__Material provided__:
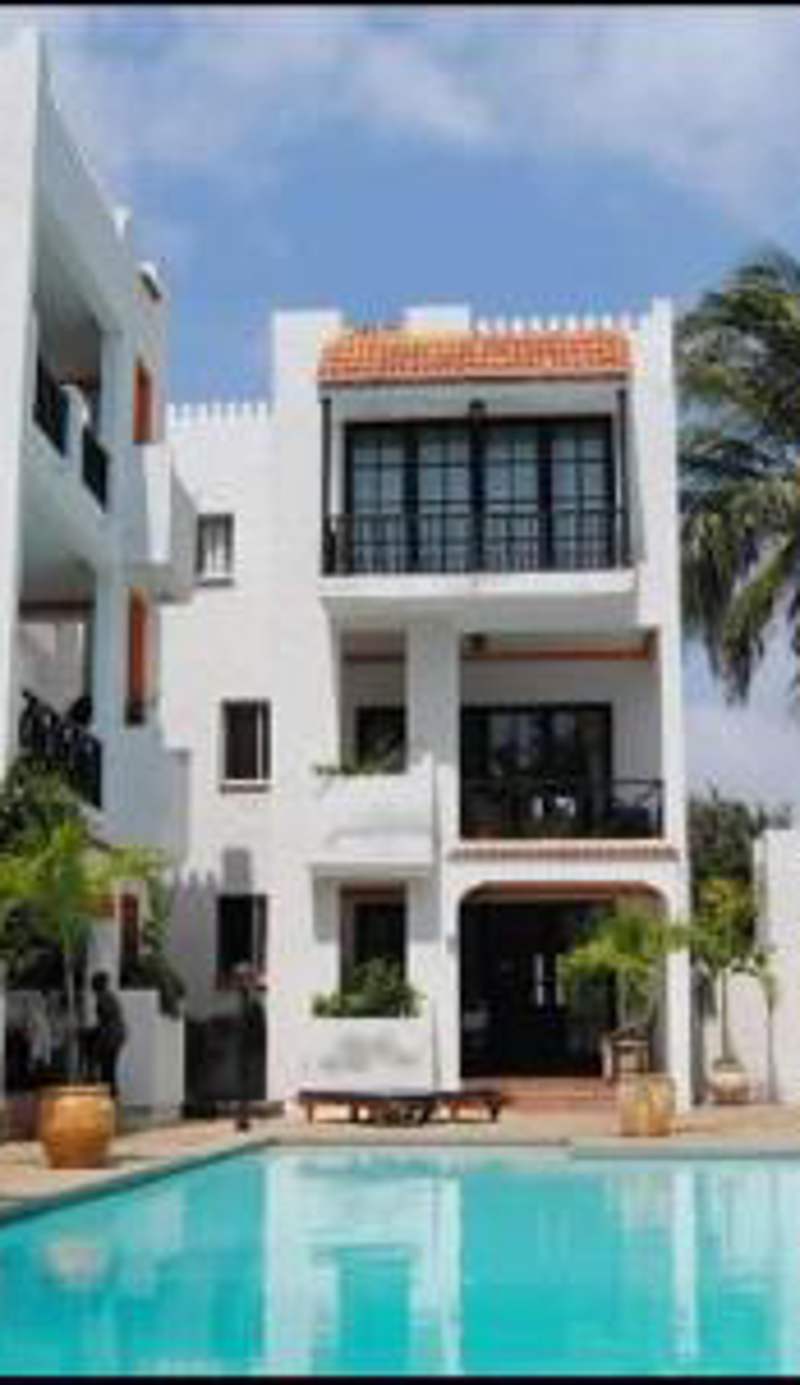 Wayside Beach Apartments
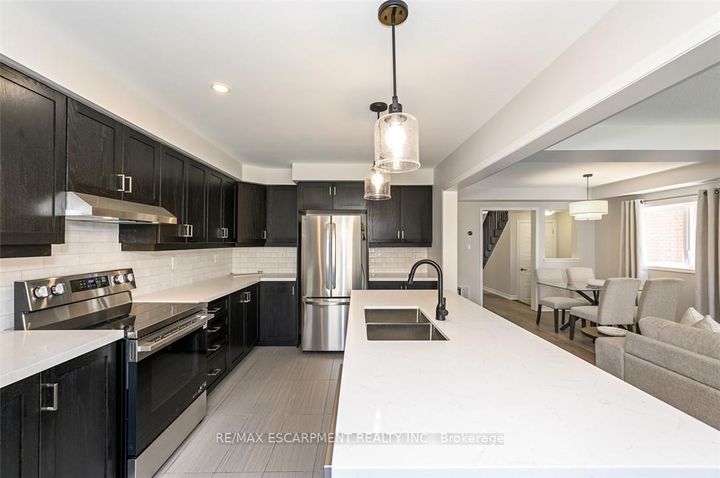 Photo 18 at 43 - 22 Spring Creek Drive, Waterdown, Hamilton
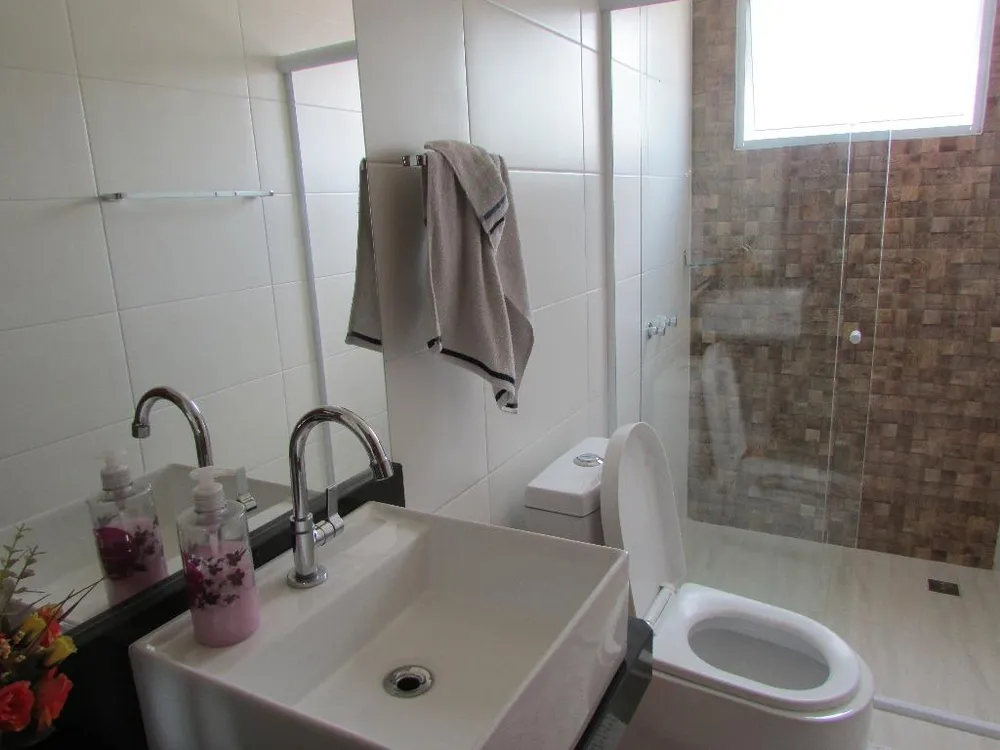 Chácara, 3 quartos, 1250 m² - Foto 2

__What the task asks__:
Give back the full listing exactly, with pictures dropped.

__Solved exercise__:
 Wayside Beach Apartments
 Photo 18 at 43 - 22 Spring Creek Drive, Waterdown, Hamilton
 Chácara, 3 quartos, 1250 m² - Foto 2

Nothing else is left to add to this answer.